$$\notag \newcommand{\be}{\mathbf{e}} \newcommand{\bphi}{{\boldsymbol{\phi}}} \newcommand{\bw}{\mathbf{w}} \newcommand{\bx}{\mathbf{x}} \newcommand{\g}{\,|\,} \newcommand{\pdd}[2]{\frac{\partial #1}{\partial #2}} \newcommand{\te}{\!=\!} \newcommand{\tm}{\!-\!} \newcommand{\tp}{\!+\!} $$

Logistic Regression

Logistic regression, described in this note, is a standard work-horse of practical machine learning. It’s possible to get somewhere with many applied problems by making some binary decisions. Working out how to make these decisions with logistic regression is an important baseline, and could even be where you stop.
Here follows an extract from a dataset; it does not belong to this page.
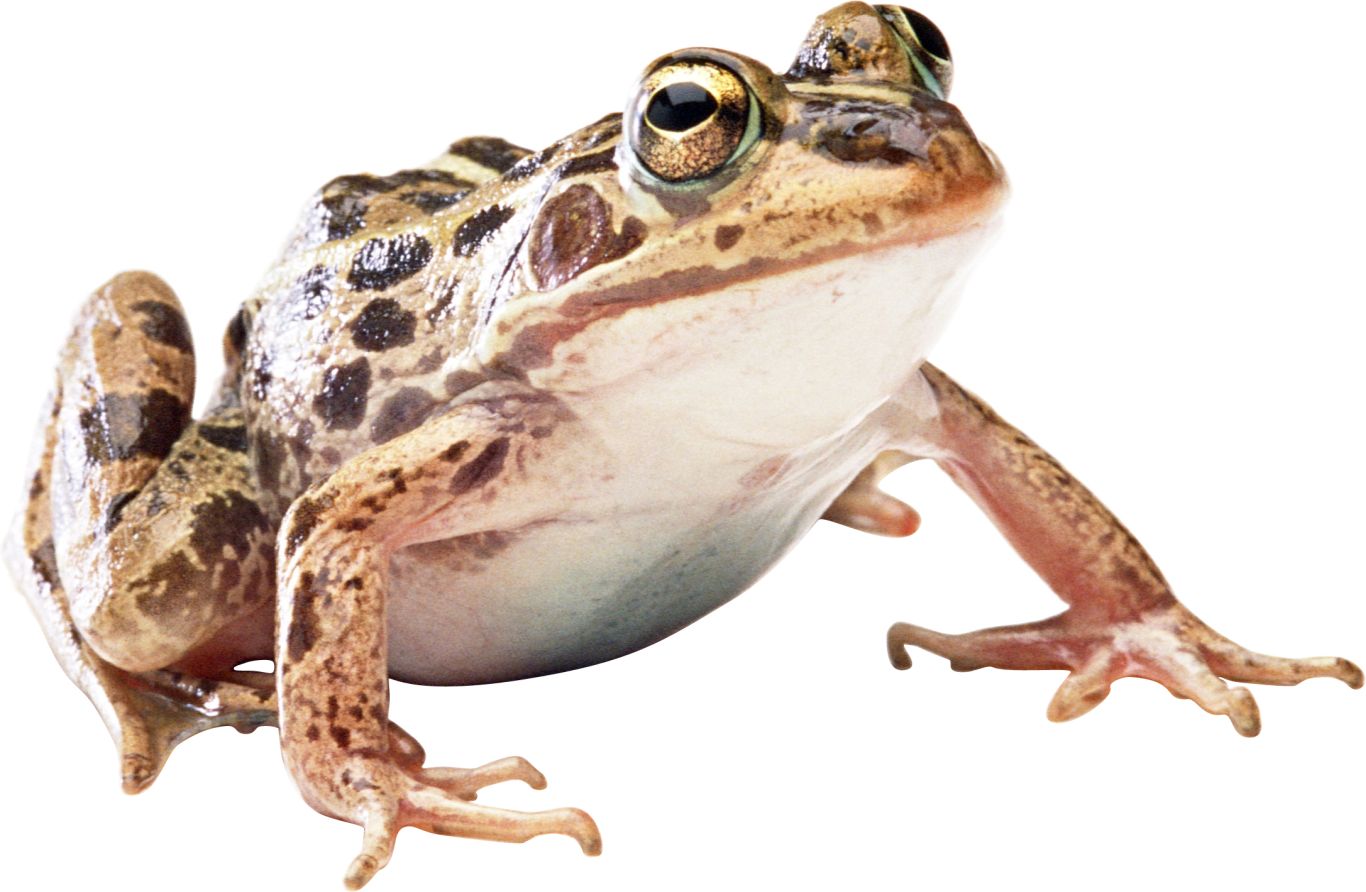 frog PNG image    图片编号:3832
Video: Logistic regression (16 minutes)
Logistic regression adds a non-linearity to the regression model for binary classification that we’ve already considered. It is usually optimized by maximizing likelihood (rather than minimizing square error), so we derive the gradients needed to optimize that cost.

1 Transforming the output

We’ve previously seen that we can attempt to fit binary labels \(y\in\{0,1\}\) with straightforward linear regression models. We derived that the ideal function is \(f(\bx) = P(y\te1\g\bx)\), the probability of being in class 1. However, linear functions we fit are likely to predict outputs outside the range \([0,1]\) for some test inputs. We will now force our function to lie in the desired \([0,1]\) range by transforming a linear function with a logistic sigmoid: \[ f(\bx; \bw) = \sigma(\bw^\top\bx) = \frac{1}{1+e^{-\bw^\top\bx}}\,. \] As with linear regression, we can replace our input features \(\bx\) with a vector of basis function values \(\bphi(\bx)\), but we won’t clutter the notation with this detail. Wherever you see \(\bx\), know that you can replace this input vector with a version that has been transformed in any way you like.

2 Loss function

As before, we wish to fit the function to match the training data closely, If the labels are zero and one, \(y\in\{0,1\}\), we could minimize the square loss1 \[ \sum_{n=1}^N \big(y^{(n)} - f(\bx^{(n)}; \bw)\big)^2. \] However, the standard Logistic Regression model uses the interpretation of the function as a probability, \(f(\bx; \bw) = P(y\te1\g \bx,\bw)\), more directly. Maximum likelihood fitting of this model maximizes the probability of the data: \[ L(\bw) = \prod_{n=1}^N P(y^{(n)}\g \bx^{(n)}, \bw), \] for the model with parameters \(\bw\). Equivalently, we minimize the negative log-probability of the training labels, which for this model can be written as: \[ \text{NLL} = -\log L(\bw) = - \sum_{n=1}^N \log \left[\sigma(\bw^\top\bx^{(n)})^{y^{(n)}}(1 \tm \sigma(\bw^\top\bx^{(n)}))^{1 - y^{(n)}} \right], \] or \[ \text{NLL} = - \sum_{n: y^{(n)}=1} \log \sigma(\bw^\top\bx^{(n)}) - \sum_{n: y^{(n)}=0} \log (1 - \sigma(\bw^\top\bx^{(n)})). \] There is a trick to write the cost function more compactly. We transform the labels to be \(z^{(n)}\in\{-1,+1\}\) where \(z^{(n)}=(2y^{(n)}\tm1)\), and noticing \(\sigma(-a) = 1 - \sigma(a)\), we can write: \[ \text{NLL} = - \sum_{n=1}^N \log \sigma(z^{(n)}\bw^\top\bx^{(n)}). \] As before, the cost function can have a regularizer added to it to discourage extreme weights.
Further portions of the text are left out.